■ Work task:
Although the records contain pictures, only their text should be set down, exactly as written.

Segment Open

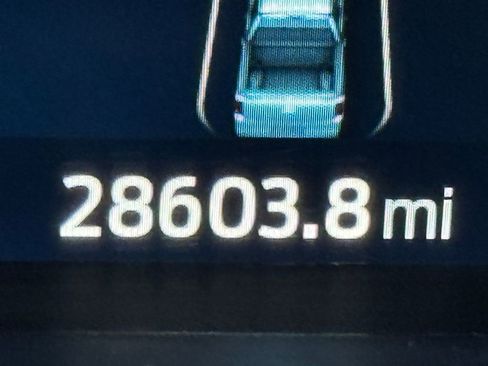 Used 2023 Ford F150 Limited image 9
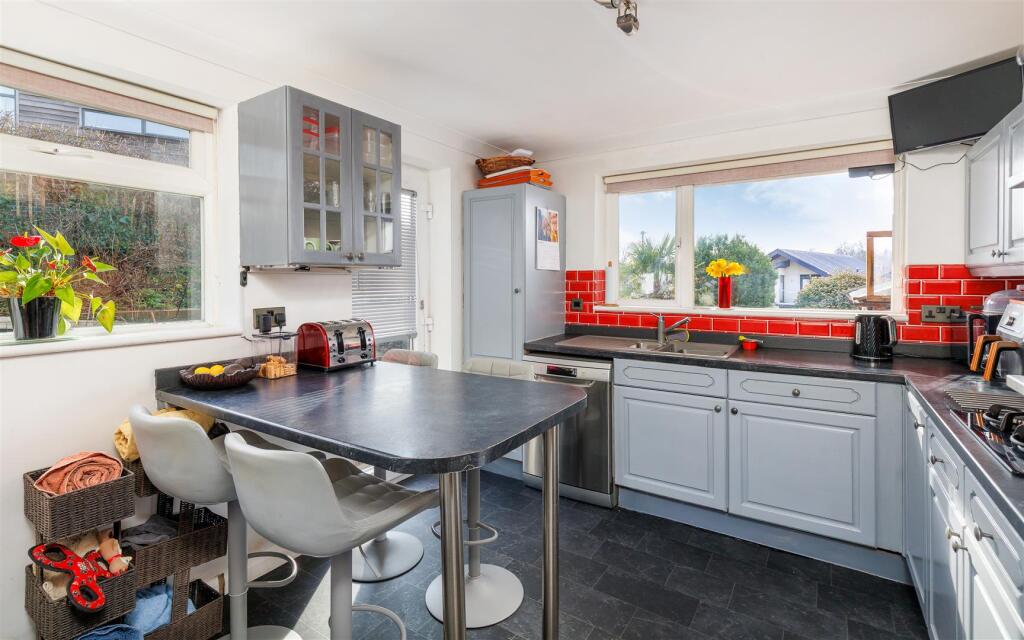 Kitchen 1-2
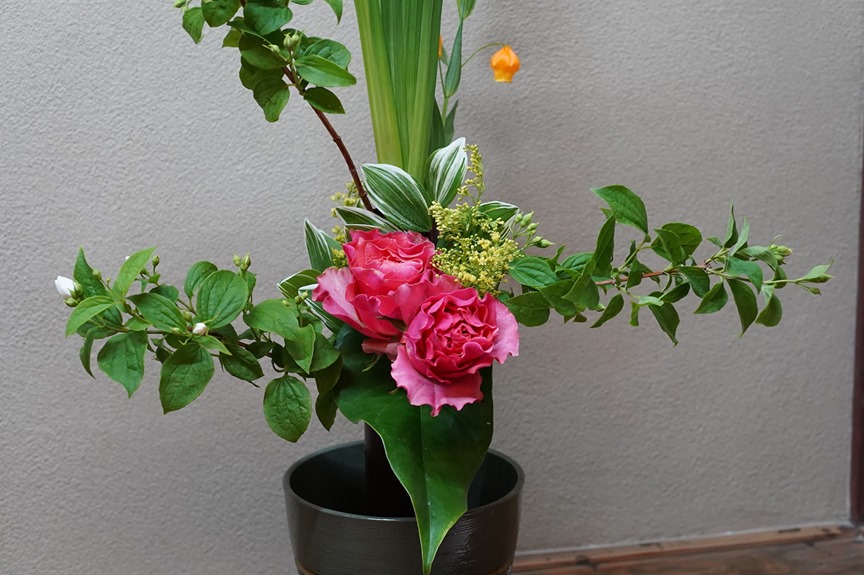 いけばな嵯峨御流の荘厳華 真の真 のいけ方の動画です Youtubeにアップ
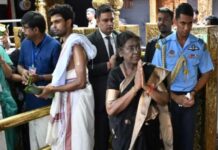 ശ്രീകോവിലിന് ഉള്ളിലെ ദൃശ്യങ്ങൾ പതിഞ്ഞു; വിമർശനം ഉയർന്നതോടെ രാഷ്ട്രപതി ശബരിമലയിലെ മാളികപ്പുറം ക്ഷേത്രത്തിൽ തൊഴുന്ന ചിത്രങ്ങൾ പിൻവലിച്ച് രാഷ്ട്രപതി ഭവൻ: വിശദാംശങ്ങൾ വായിക്കാം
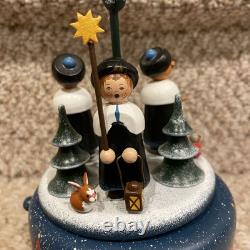 Kathe Wohlfahrt Carolers Music Box Multicolor Christmas Decoration VERY RARE Kathe Wohlfahrt Carolers Music Box Multicolor Christmas Decoration VERY RARE
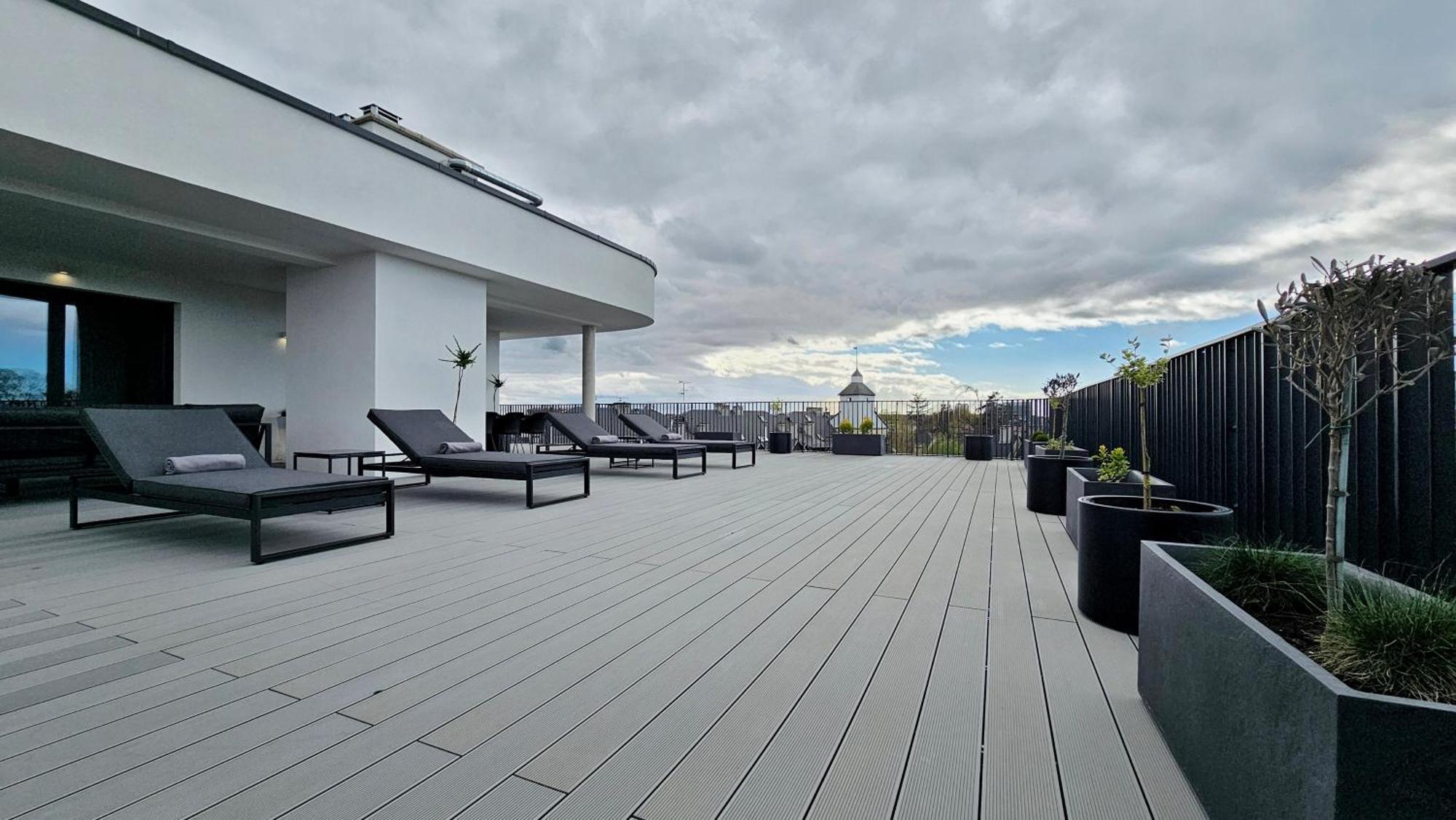 Wakacyjny Baltic Waves - Taras 180 M2 Апартаменти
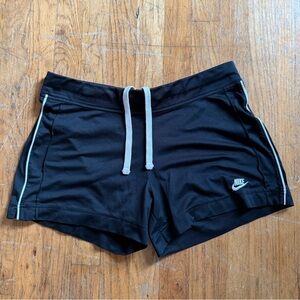 Nike black shorts Sz medium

Segment Closed

■ Task output:
 Used 2023 Ford F150 Limited image 9
 Kitchen 1-2
 いけばな嵯峨御流の荘厳華 真の真 のいけ方の動画です Youtubeにアップ
 ശ്രീകോവിലിന് ഉള്ളിലെ ദൃശ്യങ്ങൾ പതിഞ്ഞു; വിമർശനം ഉയർന്നതോടെ രാഷ്ട്രപതി ശബരിമലയിലെ മാളികപ്പുറം ക്ഷേത്രത്തിൽ തൊഴുന്ന ചിത്രങ്ങൾ പിൻവലിച്ച് രാഷ്ട്രപതി ഭവൻ: വിശദാംശങ്ങൾ വായിക്കാം
 Kathe Wohlfahrt Carolers Music Box Multicolor Christmas Decoration VERY RARE Kathe Wohlfahrt Carolers Music Box Multicolor Christmas Decoration VERY RARE
 Wakacyjny Baltic Waves - Taras 180 M2 Апартаменти
 Nike black shorts Sz medium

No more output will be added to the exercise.